(TASK INPUT)
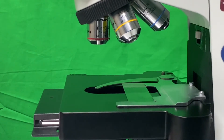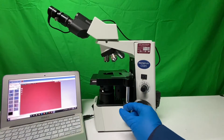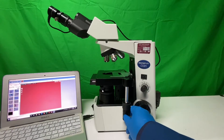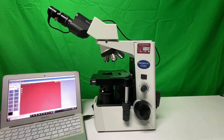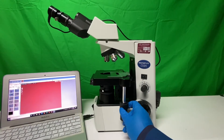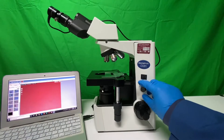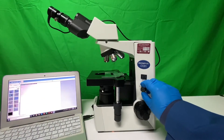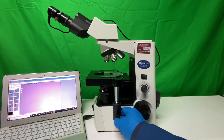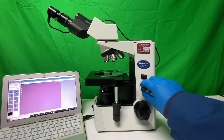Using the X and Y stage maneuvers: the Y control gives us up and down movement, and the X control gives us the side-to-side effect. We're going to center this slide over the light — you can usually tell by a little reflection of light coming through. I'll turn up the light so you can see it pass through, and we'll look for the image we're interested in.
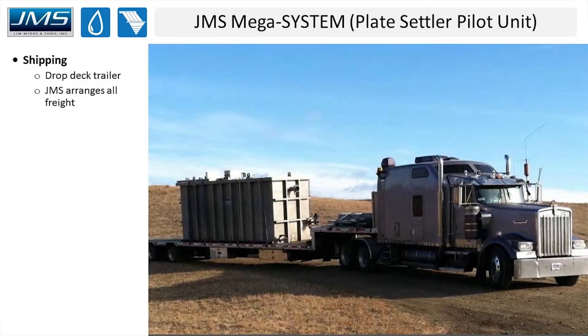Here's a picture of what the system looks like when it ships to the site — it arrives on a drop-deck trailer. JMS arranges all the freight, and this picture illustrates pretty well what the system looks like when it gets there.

...

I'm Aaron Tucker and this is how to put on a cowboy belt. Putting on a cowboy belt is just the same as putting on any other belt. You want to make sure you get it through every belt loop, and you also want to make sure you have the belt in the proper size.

(GOAL OF THE EXERCISE) Look above for the line containing "Using the X", then write out every line from there down to the line containing "Here's a picture", that line included, with no pictures.

(TASK SOLUTION)
Using the X and Y stage maneuvers: the Y control gives us up and down movement, and the X control gives us the side-to-side effect. We're going to center this slide over the light — you can usually tell by a little reflection of light coming through. I'll turn up the light so you can see it pass through, and we'll look for the image we're interested in.
Here's a picture of what the system looks like when it ships to the site — it arrives on a drop-deck trailer. JMS arranges all the freight, and this picture illustrates pretty well what the system looks like when it gets there.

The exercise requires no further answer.